_Task description_
Your answer must be an exact copy of the records below, with no pictures in it.

Short descriptive text snippets
******************************

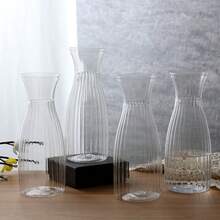 1/8pcs Plastic Striped Transparent Vase, Floral Arrangement Handmade, Suitable For Various Bouquet Decoration Display, Holiday Home Decor, Suitable For Tabletop Decoration, Wedding, Home, Christmas, Dinner Party - one-size - View 3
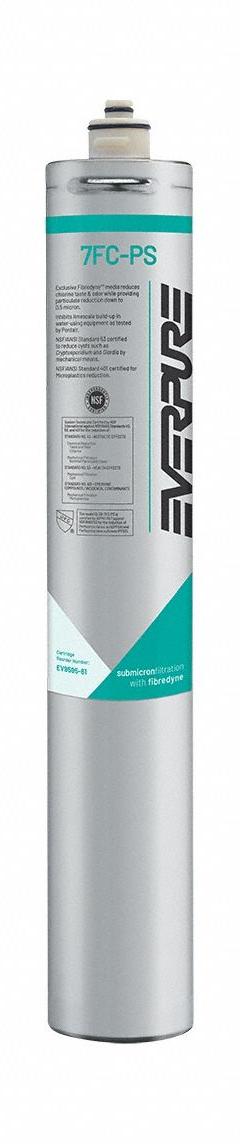 EVERPURE Water Filter Cartridge: 0.5 micron, 1.67 gpm, 20 11/16 in Overall Ht, 10,000 gal (MPN EV959561). Key specifications — Brand: EVERPURE; Reduces: Lead; Filter Media: Phosphate.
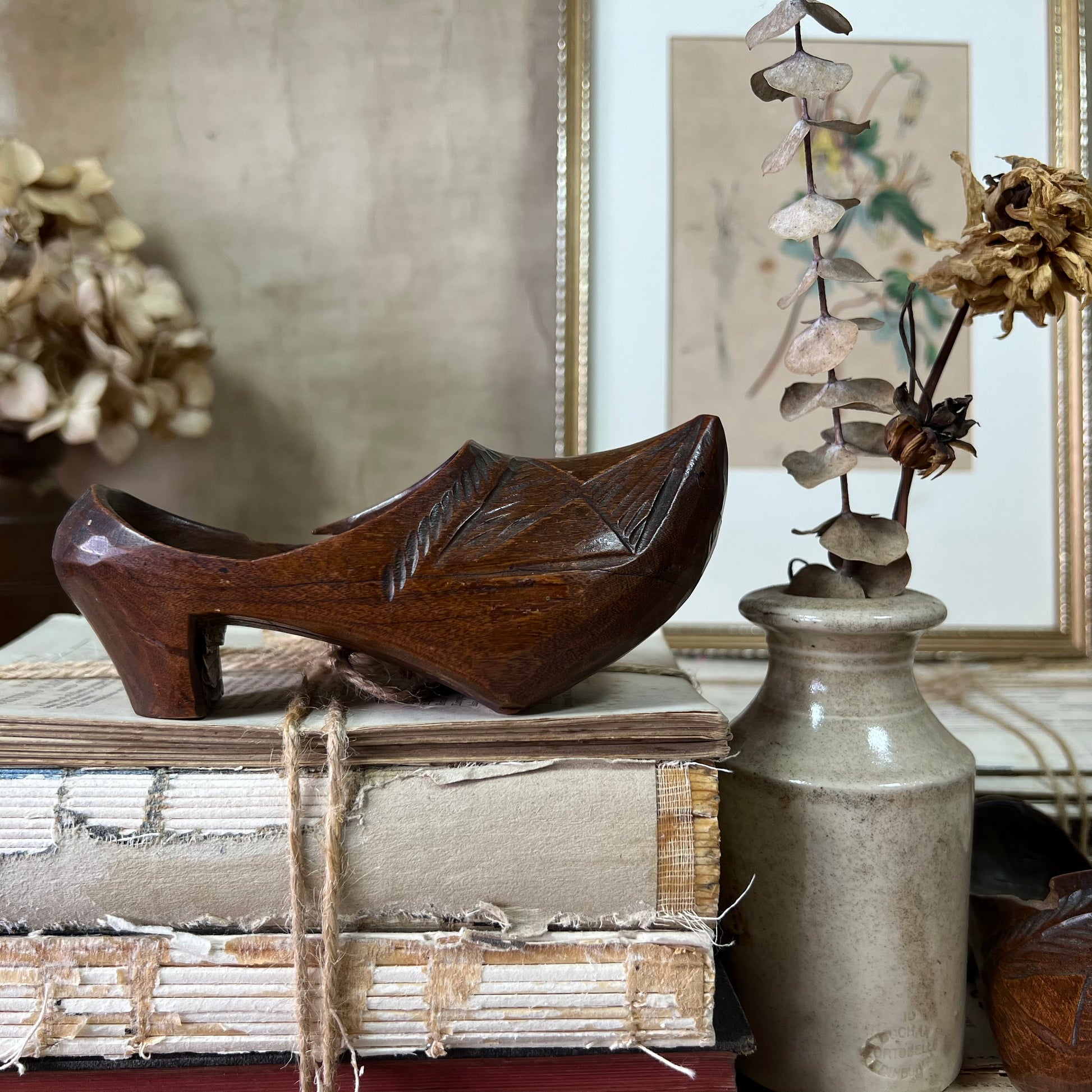 Antique Folk Art Carved Wooden Shoes Clogs 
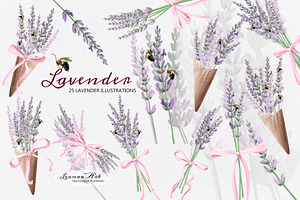 Lavender Clipart Set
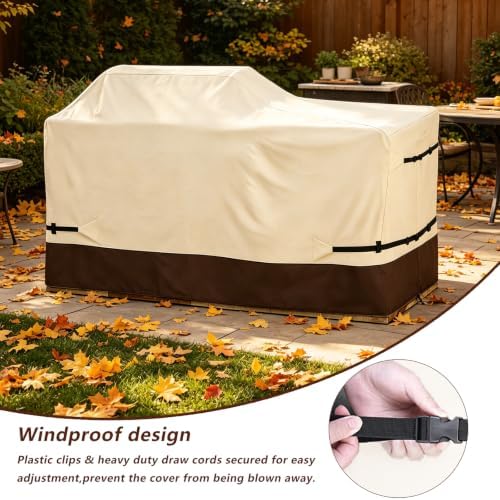 86 Inch Island Grill Cover - 600D Heavy Duty Waterproof All Weather Protection Extra Large Grill Covers,Island with Left/Right Grill Head,Grill Cover for Outdoor Grill, BBQ Cover(Beige&Brown) - Image 4
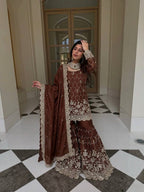 Wedding Wear Silk Sharara Set with Embroidered Dupatta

******************************

_Response area_
 1/8pcs Plastic Striped Transparent Vase, Floral Arrangement Handmade, Suitable For Various Bouquet Decoration Display, Holiday Home Decor, Suitable For Tabletop Decoration, Wedding, Home, Christmas, Dinner Party - one-size - View 3
 EVERPURE Water Filter Cartridge: 0.5 micron, 1.67 gpm, 20 11/16 in Overall Ht, 10,000 gal (MPN EV959561). Key specifications — Brand: EVERPURE; Reduces: Lead; Filter Media: Phosphate.
 Antique Folk Art Carved Wooden Shoes Clogs 
 Lavender Clipart Set
 86 Inch Island Grill Cover - 600D Heavy Duty Waterproof All Weather Protection Extra Large Grill Covers,Island with Left/Right Grill Head,Grill Cover for Outdoor Grill, BBQ Cover(Beige&Brown) - Image 4
 Wedding Wear Silk Sharara Set with Embroidered Dupatta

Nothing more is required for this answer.